AWS Athena and Apache Spark are Best Friends

Apache Spark makes it easy to build data lakes that are optimized for AWS Athena queries.

This blog post will demonstrate that it's easy to follow the AWS Athena tuning tips with a tiny bit of Spark code - let's dive in!

Creating Parquet Data Lake

We can convert a CSV data lake to a Parquet data lake with AWS Glue or we can write a couple lines of Spark code.

val df = spark.read.csv("/mnt/my-bucket/csv-lake/")
spark.write.parquet("/mnt/my-bucket/parquet-lake/")

The pure Spark solution is less complicated than the AWS Glue solution if your company already has an environment setup to run Spark code (like Databricks). AWS Glue uses Spark under the hood, so they're both Spark solutions at the end of the day.

Incrementally updating Parquet lake

Suppose your CSV data lake is incrementally updated and you'd also like to incrementally update your Parquet data lake for Athena queries.

Spark allows for incremental updates with Structured Streaming and Trigger.Once.

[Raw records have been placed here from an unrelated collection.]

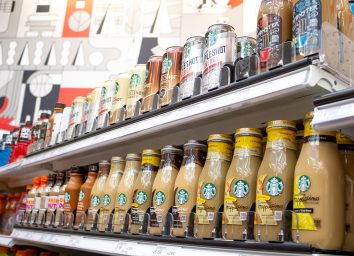 coffee drinks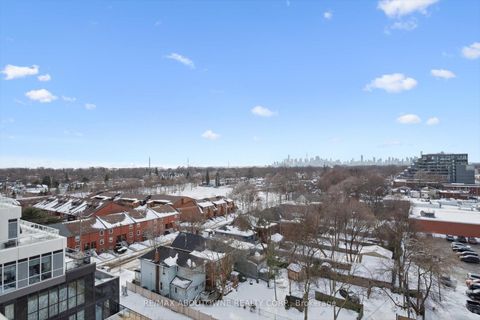 Photo 18 at 802 - 286 Main Street, Danforth, Toronto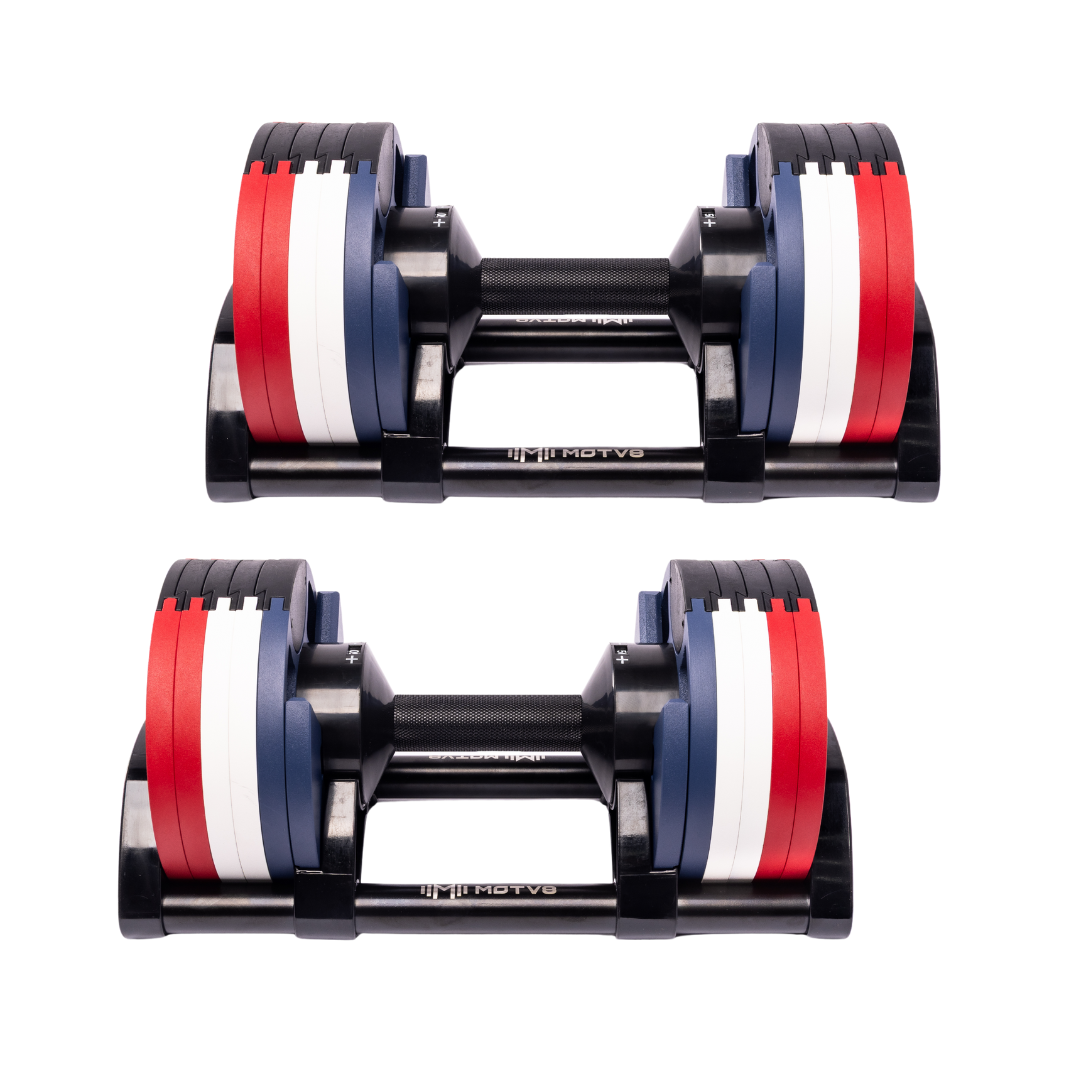 Probell 5-50 Adjustable Dumbbells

Here's example code for an incremental update job.

import org.apache.spark.sql.streaming.Trigger

val sDF = spark.readStream.format("csv").load("/mnt/my-bucket/csv-lake/")

sDF
  .writeStream
  .trigger(Trigger.Once)
  .format("parquet")
  .option("checkpointLocation", "/mnt/my-bucket/incremental-parquet-lake-checkpoint/")
  .start("/mnt/my-bucket/incremental-parquet-lake/")

The checkpoint directory tracks the files that have already been loaded into the incremental Parquet data lake. Spark grabs the new CSV files and loads them into the Parquet data lake every time the job is run.

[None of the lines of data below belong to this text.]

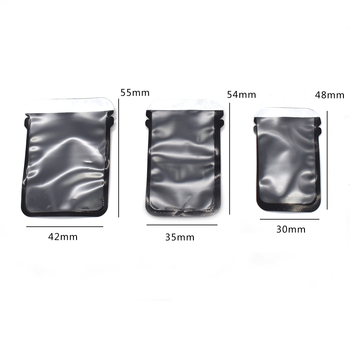 Дентална чанта за рентгенов филм — защита за зъбни резци, модели 0#, 1#, 2#; 100 бр./кутия; тегло 28 g/кутия; LNGL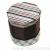 Factory direct stool octagonal stool chairs folding chairs folding chairs, storage Shoe Chair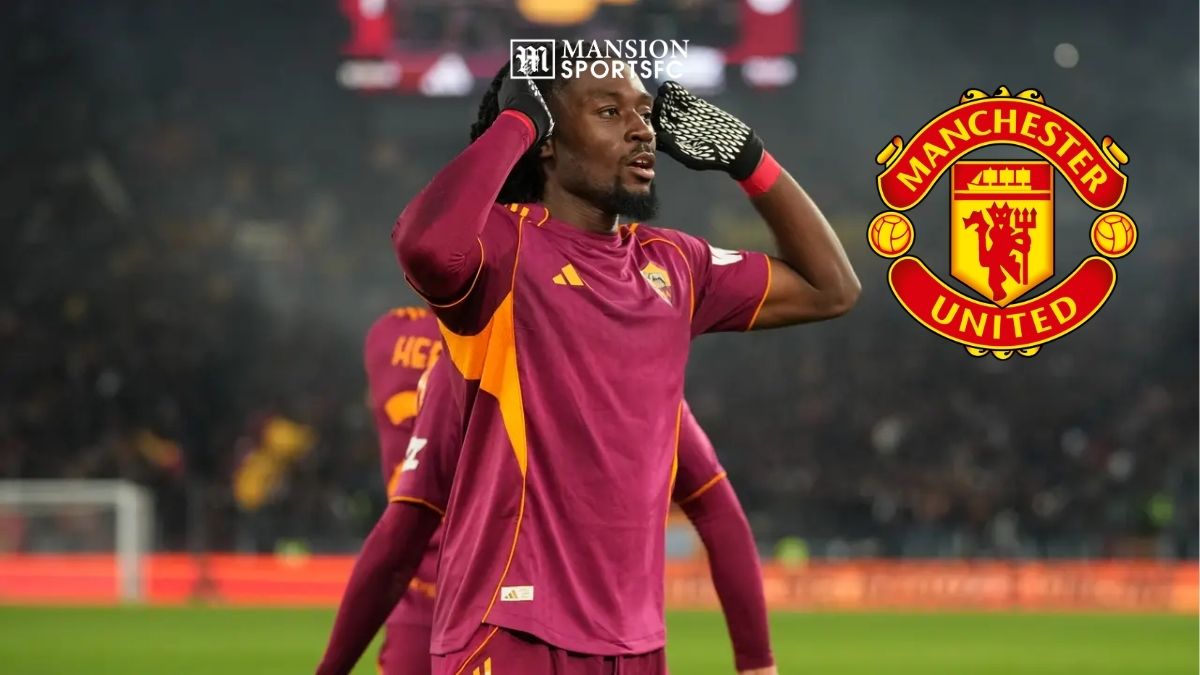 Manchester United Lead Arsenal in Race to Sign Manu Koné from Roma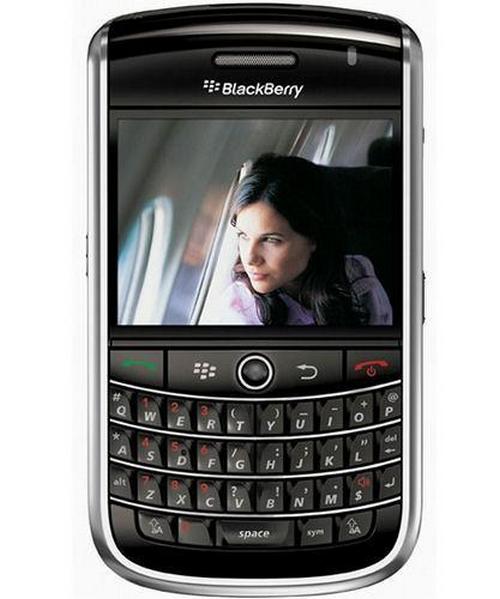 Tata Indicom BlackBerry Tour 9630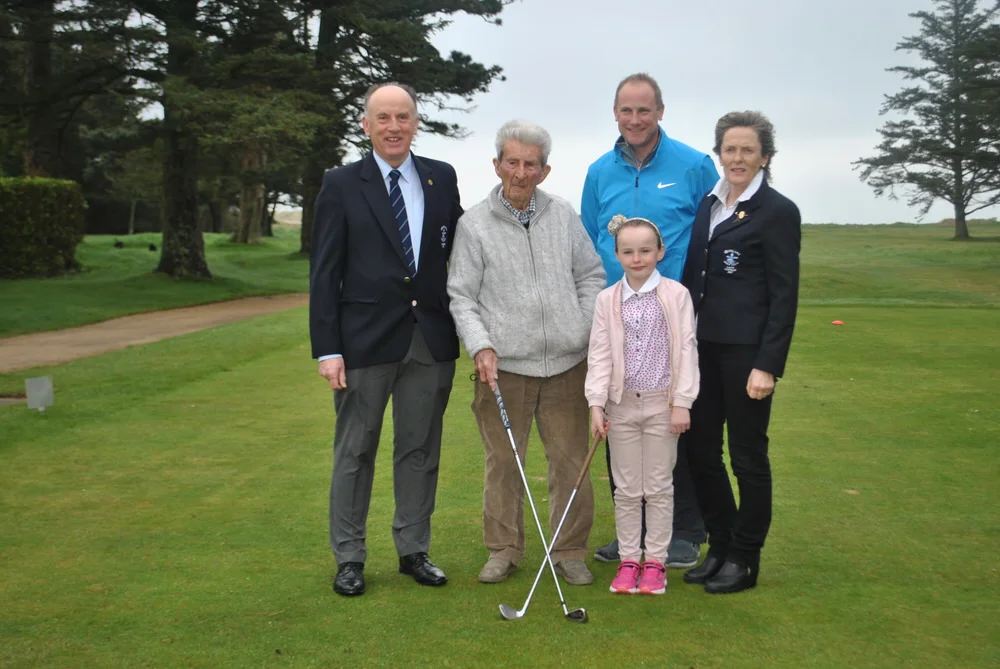 Rosslare's generation game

Creating a hive partitioned lake

The #1 AWS Athena tuning tip is to partition your data.

A partitioned data set limits the amount of data that Athena needs to scan for certain queries.

The Spark partitionBy method makes it easy to partition data in disc with directory naming conventions that work with Athena (the standard Hive partition naming conventions).

Read this blog post for more background on partitioning with Spark.

Let's write some code that converts a standard Parquet data lake into a Parquet data lake that's partitioned in disc on the country column.

val df = spark.read.parquet("/mnt/my-bucket/parquet-lake/")

df
  .write
  .partitionBy("country")
  .parquet("/mnt/my-bucket/partitioned_lake")

Here's how to create a partitioned table in Athena.

CREATE EXTERNAL TABLE IF NOT EXISTS this_is_awesome(
  first_name STRING,
  last_name STRING
)
PARTITIONED BY (country STRING)
STORED AS PARQUET
LOCATION 's3://my-bucket/partitioned_lake'

The partitioned table will make queries like this run faster:

select count(*) from this_is_awesome where country = 'Malaysia'

This blog post discusses how Athena works with partitioned data sources in more detail.

Programmatically creating Athena tables

It can be really annoying to create AWS Athena tables for Spark data lakes, especially if there are a lot of columns. Athena should really be able to infer the schema from the Parquet metadata, but that’s another rant.

The spark-daria printAthenaCreateTable() method makes this easier by programmatically generating the Athena CREATE TABLE code from a Spark DataFrame.

Suppose we have this DataFrame (df):

+--------+--------+---------+
|    team|   sport|goals_for|
+--------+--------+---------+
|    jets|football|       45|
|nacional|  soccer|       10|
+--------+--------+---------+

Run this spark-daria code to generate the Athena CREATE TABLE query.

import com.github.mrpowers.spark.daria.sql.DataFrameHelpers

DataFrameHelpers.printAthenaCreateTable(
  df,
  "my_cool_athena_table",
  "s3://my-bucket/extracts/people"
)

CREATE TABLE IF NOT EXISTS my_cool_athena_table(
  team STRING,
  sport STRING,
  goals_for INT
)
STORED AS PARQUET
LOCATION 's3://my-bucket/extracts/people'

You'll thank me for this helper method if you ever have to create a table with 100+ columns :wink:

Conclusion

It's easy to build data lakes that are optimized for AWS Athena queries with Spark.

Spinning up a Spark cluster to run simple queries can be overkill. Athena is great for quick queries to explore a Parquet data lake.

Athena and Spark are best friends - have fun using them both!